Die Jüdische Gemeinde kaufte im Jahre 1303 vom Koblenzer Bürger Sifrid
von Montabur und dessen Ehefrau Mechtild einen halben Morgen Weingarten, in der
Mulde gelegen, um ihn als Friedhof zu benutzen. Das Original dieses Kaufbriefes
legte die Jüdische Gemeinde während des Prozesses gegen die Familie
Umbscheiden im Jahre 1822 vor.
Nachdem 1418 die Juden aus dem Erzstift vertrieben worden waren, fiel der
Begräbnisplatz an den Kurfürsten und Landesherrn Otto von Ziegenhain, der
schon vor seiner Ernennung immer in Geldnöten war. Er gab ihn als Lehen weiter
an die Familie des Gotthard Sack von Dieblich, die ihn als Viehweide nutzte. Die
Grabsteine wurden als Baumaterial u.a. als Fundament im Anbau des Chores der
Koblenzer Liebfrauenkirche benutzt. Bei Grabungen in den Jahren 1962 und 1979
fand man mehrere Leichensteine und befestigte einen an die Innenwand der
Liebfrauenkirche. Er trägt die Inschrift: "Zeuge ist dieser Wälzstein und
Zeugin die Stele, die aufrichtete der fromme und willige Ehemann zu Häupten der
frommen und züchtigen Ehefrau Chana, der Tochter des Herrn Jehuda, die
verschied am 8. Tammus, am 6. Tag (= Freitag) 1149 im Garten Eden. Amen.
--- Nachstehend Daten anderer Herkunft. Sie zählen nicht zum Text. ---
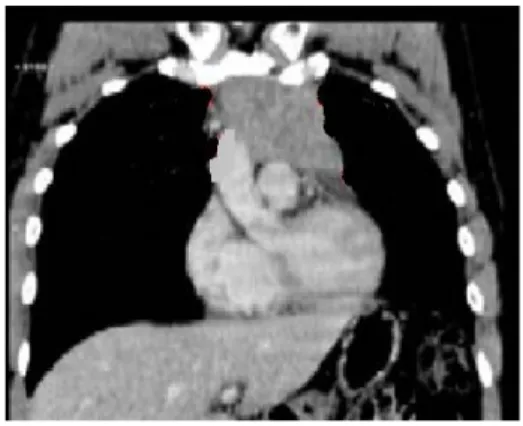 Figure 13: coupe de TDM pré chirurgicale montrant une hyperplasie thymique  en place avec ses  rapports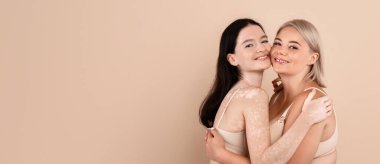 Mutlu Artı Boyut Kadın ve Vitiligo Teni Birbirine Sarılmış Kadın, Bej Stüdyo Arkaplanı üzerinde poz verirken iç çamaşırı giyen iki neşeli kadın portresi,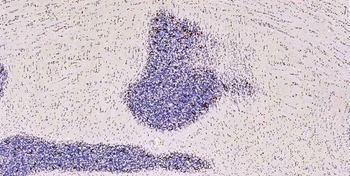 Musashi 1/Msi1 Antibody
Sela". Somit ist anzunehmen, dass der heutige Friedhof schon vor der
Beurkundung existierte, was die Jüdische Gemeinde immer wieder betonte. Nach
der Rückkehr im Jahre 1592 erhielten die Juden wieder durch ein
landesherrliches Edikt das Recht, einen Totenacker zu erwerben.
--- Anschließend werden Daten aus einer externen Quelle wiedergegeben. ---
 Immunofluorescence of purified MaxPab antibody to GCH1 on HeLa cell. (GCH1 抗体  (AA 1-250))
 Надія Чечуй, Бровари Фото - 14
Die jüdische Pietät hat dann dazu geführt, dass der Friedhof gegen eine
Abgabe wieder als Begräbnisplatz benutzt werden durfte. Zwischen 1592 und 1657
aber beerdigten die Juden ihre Toten in der Umgebung von Koblenz. So ist z.B.
der bekannte Rabbiner R. Wolf Coblenz am 29. Tewet 1610 in Arzheim (heute ein Stadtteil
von Koblenz) beerdigt worden (siehe Memorbuch von Koblenz und Memorbuch von
Ehrenbreitstein). Am 23. Juni 1638 bestätigt das Domkapitel den Vertrag mit
Anna Margaretha von Moelmaritz, wonach der "Kirchhof" den Juden
zurückgegeben wird; dafür zahlt die Gemeinde 9 Gulden (4 Taler) an den Kellner
von Koblenz.
Erst nach Abschluss des Vertrages mit der Familie Schütz von Holzhausen, welche
am 8. Dezember 1655 mit dem Grundstück belehnt worden war, ist der Platz
wieder als Friedhof benutzt worden. Für jede Leiche musste jetzt bezahlt werden
und zwar 2 Florin für die Leiche eines Erwachsenen und einen Florin für die
eines Kindes, obgleich der Friedhof eigentlich Eigentum der Jüdischen Gemeinde
war. Mehrfach gab es deswegen Prozesse: z.B. in den Jahren 1746 und 1775, in
welchen die Gemeinde zur Zahlung angehalten wurde.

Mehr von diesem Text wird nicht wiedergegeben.